## DESCRIPTION OF THE TASK
Would you write out, word for word, each line of the records below from the top through the one holding "Burzum Anthology Vinyl"?

** Opening STORED DATA block **

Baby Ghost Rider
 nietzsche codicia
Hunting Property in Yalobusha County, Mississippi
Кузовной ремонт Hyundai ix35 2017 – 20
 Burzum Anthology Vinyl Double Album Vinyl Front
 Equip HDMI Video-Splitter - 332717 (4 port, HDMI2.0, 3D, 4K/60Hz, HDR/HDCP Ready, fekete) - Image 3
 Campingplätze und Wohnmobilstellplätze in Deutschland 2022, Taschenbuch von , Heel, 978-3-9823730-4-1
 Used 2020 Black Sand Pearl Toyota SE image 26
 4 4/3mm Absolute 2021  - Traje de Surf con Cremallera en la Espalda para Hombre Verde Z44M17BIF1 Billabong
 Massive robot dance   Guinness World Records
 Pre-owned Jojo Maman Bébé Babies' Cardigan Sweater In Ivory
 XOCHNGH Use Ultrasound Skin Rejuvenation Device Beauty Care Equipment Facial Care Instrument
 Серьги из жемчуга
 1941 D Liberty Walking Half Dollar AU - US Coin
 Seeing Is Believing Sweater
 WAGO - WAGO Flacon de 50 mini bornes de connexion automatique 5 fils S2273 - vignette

** Closing STORED DATA block **

## ANSWER
Baby Ghost Rider
 nietzsche codicia
Hunting Property in Yalobusha County, Mississippi
Кузовной ремонт Hyundai ix35 2017 – 20
 Burzum Anthology Vinyl Double Album Vinyl Front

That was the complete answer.